(Record excerpts)

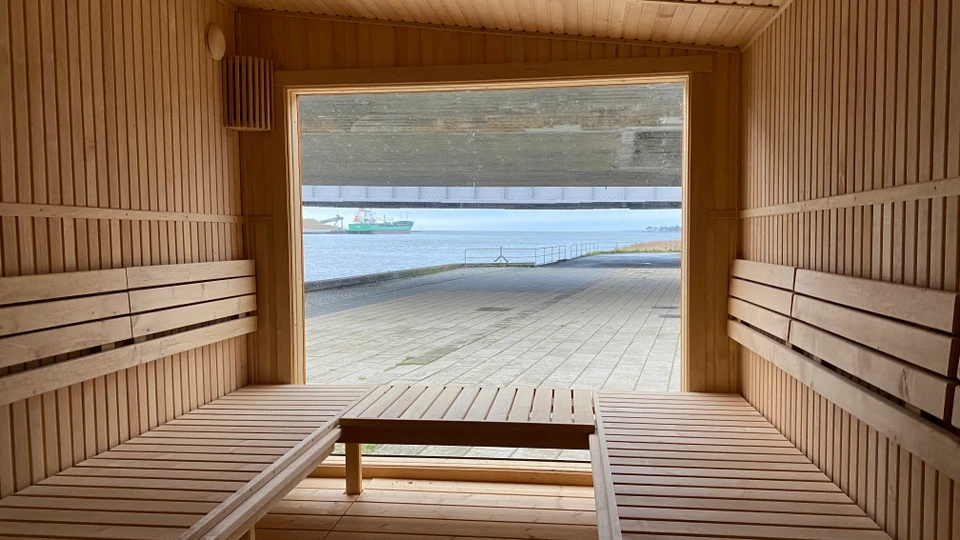 Billede taget inde i en sauna på Sydhavnen i Vordingborg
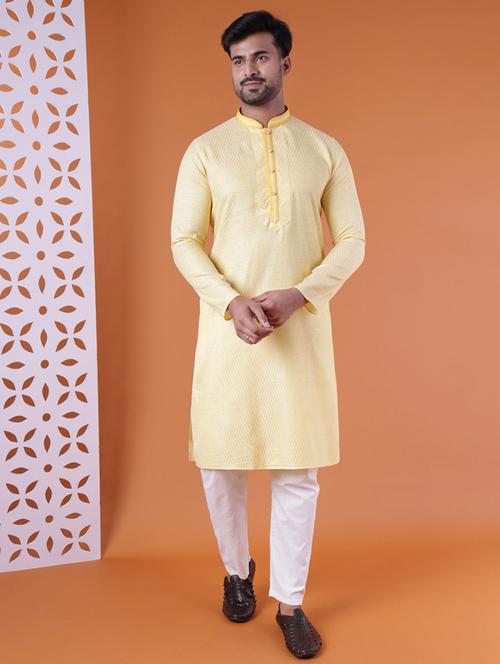 men mandarin neck kurta pyjama ethnic wear set - 22061877 - Very Small Image - 1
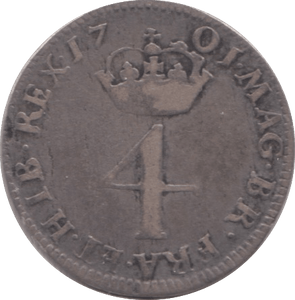 1701 MAUNDY FOURPENCE ( FINE ) - Maundy Coins - Cambridgeshire Coins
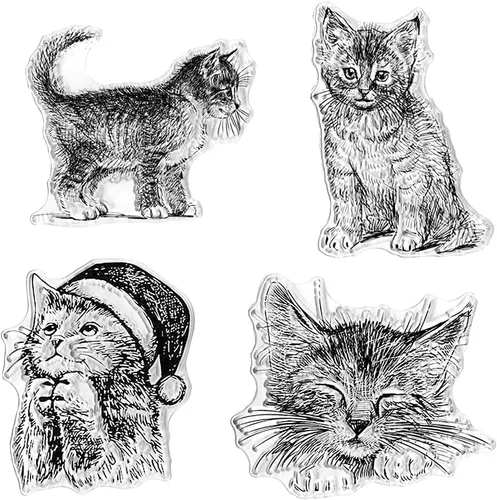 Hying Sellos transparentes de gatos navideños para hacer tarjetas, álbumes de recortes, manualidades, decoraciones de invierno, sellos de fondo de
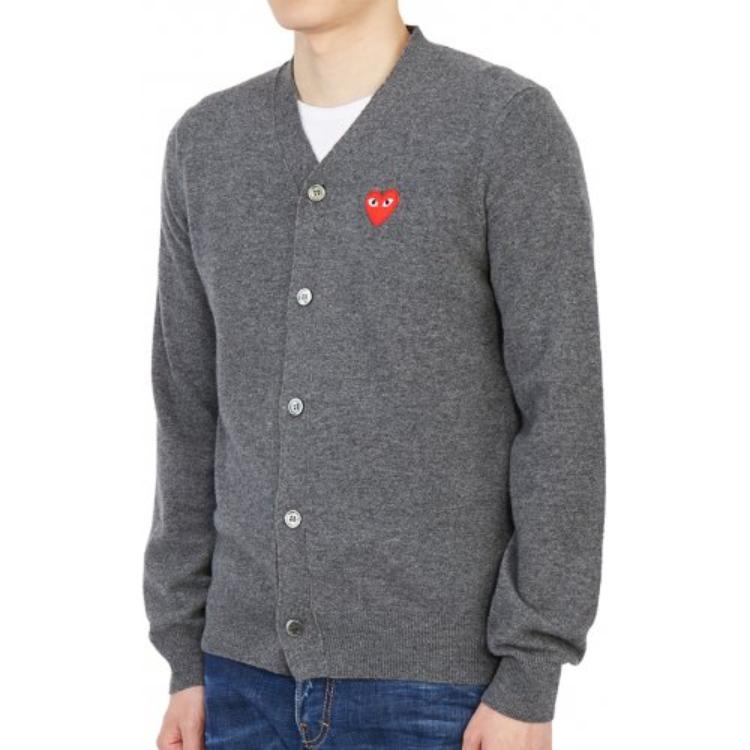 Comme Des Garçons CDG Play  Grey Wool Cardigan Sweater with Red Heart Logo. AZ-N008-051-3 圖 5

(End Record excerpts)

> **What is expected**
Exactly as written above, print every record, and keep the pictures out.

> **Solution for this exercise**
 Billede taget inde i en sauna på Sydhavnen i Vordingborg
 men mandarin neck kurta pyjama ethnic wear set - 22061877 - Very Small Image - 1
 1701 MAUNDY FOURPENCE ( FINE ) - Maundy Coins - Cambridgeshire Coins
 Hying Sellos transparentes de gatos navideños para hacer tarjetas, álbumes de recortes, manualidades, decoraciones de invierno, sellos de fondo de
 Comme Des Garçons CDG Play  Grey Wool Cardigan Sweater with Red Heart Logo. AZ-N008-051-3 圖 5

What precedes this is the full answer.